### Supplied material
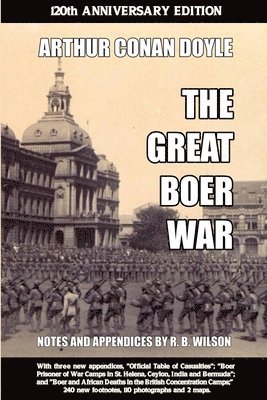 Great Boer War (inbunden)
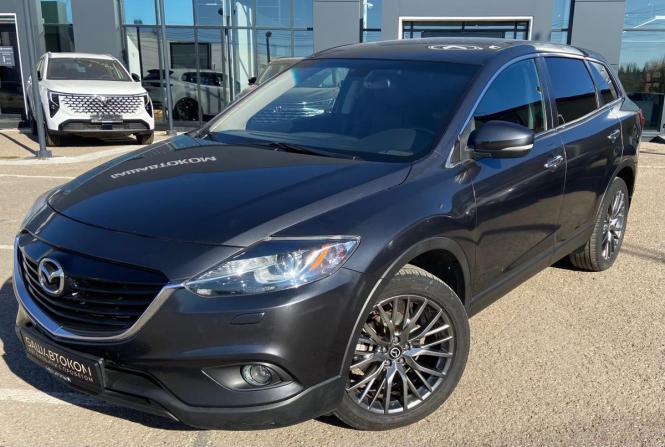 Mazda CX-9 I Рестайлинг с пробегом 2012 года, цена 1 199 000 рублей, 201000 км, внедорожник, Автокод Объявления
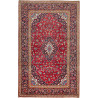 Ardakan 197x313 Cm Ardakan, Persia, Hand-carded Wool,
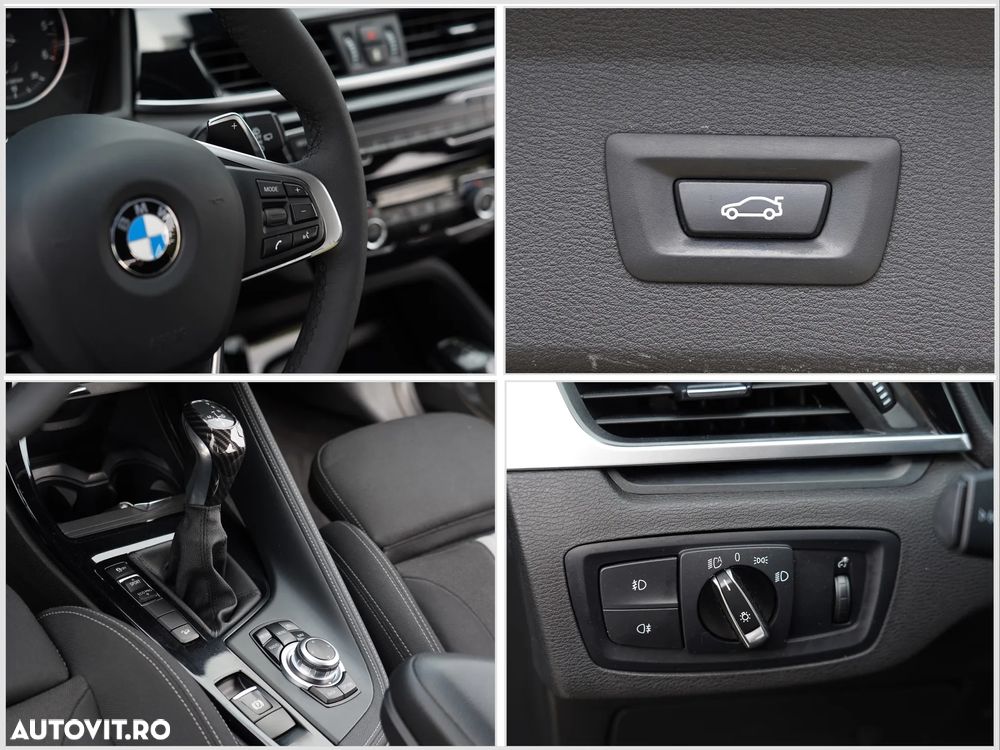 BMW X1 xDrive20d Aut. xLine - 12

---

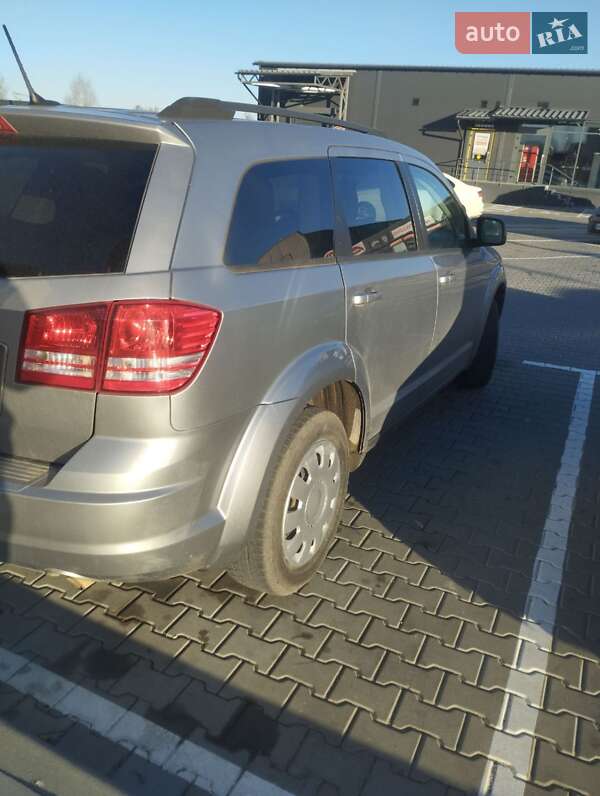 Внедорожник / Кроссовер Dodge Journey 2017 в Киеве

### Instructions for the task
The lines to copy exactly start with the line above that has "Mazda CX-9 I" and go on through the line that has "BMW X1 xDrive20d Aut. xLine - 12"; please include both, add nothing else, and omit the pictures.

### Exercise result
 Mazda CX-9 I Рестайлинг с пробегом 2012 года, цена 1 199 000 рублей, 201000 км, внедорожник, Автокод Объявления
 Ardakan 197x313 Cm Ardakan, Persia, Hand-carded Wool,
 BMW X1 xDrive20d Aut. xLine - 12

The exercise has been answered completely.